▶ _MATERIAL TO PROCESS_
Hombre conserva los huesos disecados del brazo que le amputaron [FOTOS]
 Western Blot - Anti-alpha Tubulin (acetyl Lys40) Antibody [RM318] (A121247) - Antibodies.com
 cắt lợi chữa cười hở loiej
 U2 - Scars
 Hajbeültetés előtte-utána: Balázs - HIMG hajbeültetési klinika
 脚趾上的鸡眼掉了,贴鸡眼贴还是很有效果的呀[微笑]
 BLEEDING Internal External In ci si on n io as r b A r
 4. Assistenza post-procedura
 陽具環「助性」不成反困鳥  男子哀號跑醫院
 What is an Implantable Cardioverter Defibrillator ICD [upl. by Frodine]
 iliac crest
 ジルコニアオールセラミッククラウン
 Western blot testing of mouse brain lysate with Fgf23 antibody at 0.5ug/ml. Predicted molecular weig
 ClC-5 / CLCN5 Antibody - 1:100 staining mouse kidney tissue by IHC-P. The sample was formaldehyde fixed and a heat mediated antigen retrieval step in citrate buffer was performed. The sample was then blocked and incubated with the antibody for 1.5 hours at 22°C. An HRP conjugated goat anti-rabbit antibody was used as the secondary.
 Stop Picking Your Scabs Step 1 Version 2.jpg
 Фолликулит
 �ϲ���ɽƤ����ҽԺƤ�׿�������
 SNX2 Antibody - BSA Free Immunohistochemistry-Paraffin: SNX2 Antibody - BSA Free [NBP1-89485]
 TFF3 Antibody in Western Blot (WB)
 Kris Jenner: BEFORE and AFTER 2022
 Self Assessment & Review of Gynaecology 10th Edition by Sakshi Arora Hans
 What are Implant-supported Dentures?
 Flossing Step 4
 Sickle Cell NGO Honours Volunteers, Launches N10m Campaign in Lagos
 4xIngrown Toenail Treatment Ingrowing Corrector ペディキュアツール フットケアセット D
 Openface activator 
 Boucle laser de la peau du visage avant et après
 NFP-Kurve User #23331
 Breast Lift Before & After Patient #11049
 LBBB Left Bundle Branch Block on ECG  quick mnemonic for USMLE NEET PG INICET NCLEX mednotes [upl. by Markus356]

▶ _ASSIGNMENT_
Write out only the lines from the very start of the entries above to the line that includes "Western blot testing", both ends included, each one unchanged.

▶ _WRITTEN ANSWER_
Hombre conserva los huesos disecados del brazo que le amputaron [FOTOS]
 Western Blot - Anti-alpha Tubulin (acetyl Lys40) Antibody [RM318] (A121247) - Antibodies.com
 cắt lợi chữa cười hở loiej
 U2 - Scars
 Hajbeültetés előtte-utána: Balázs - HIMG hajbeültetési klinika
 脚趾上的鸡眼掉了,贴鸡眼贴还是很有效果的呀[微笑]
 BLEEDING Internal External In ci si on n io as r b A r
 4. Assistenza post-procedura
 陽具環「助性」不成反困鳥  男子哀號跑醫院
 What is an Implantable Cardioverter Defibrillator ICD [upl. by Frodine]
 iliac crest
 ジルコニアオールセラミッククラウン
 Western blot testing of mouse brain lysate with Fgf23 antibody at 0.5ug/ml. Predicted molecular weig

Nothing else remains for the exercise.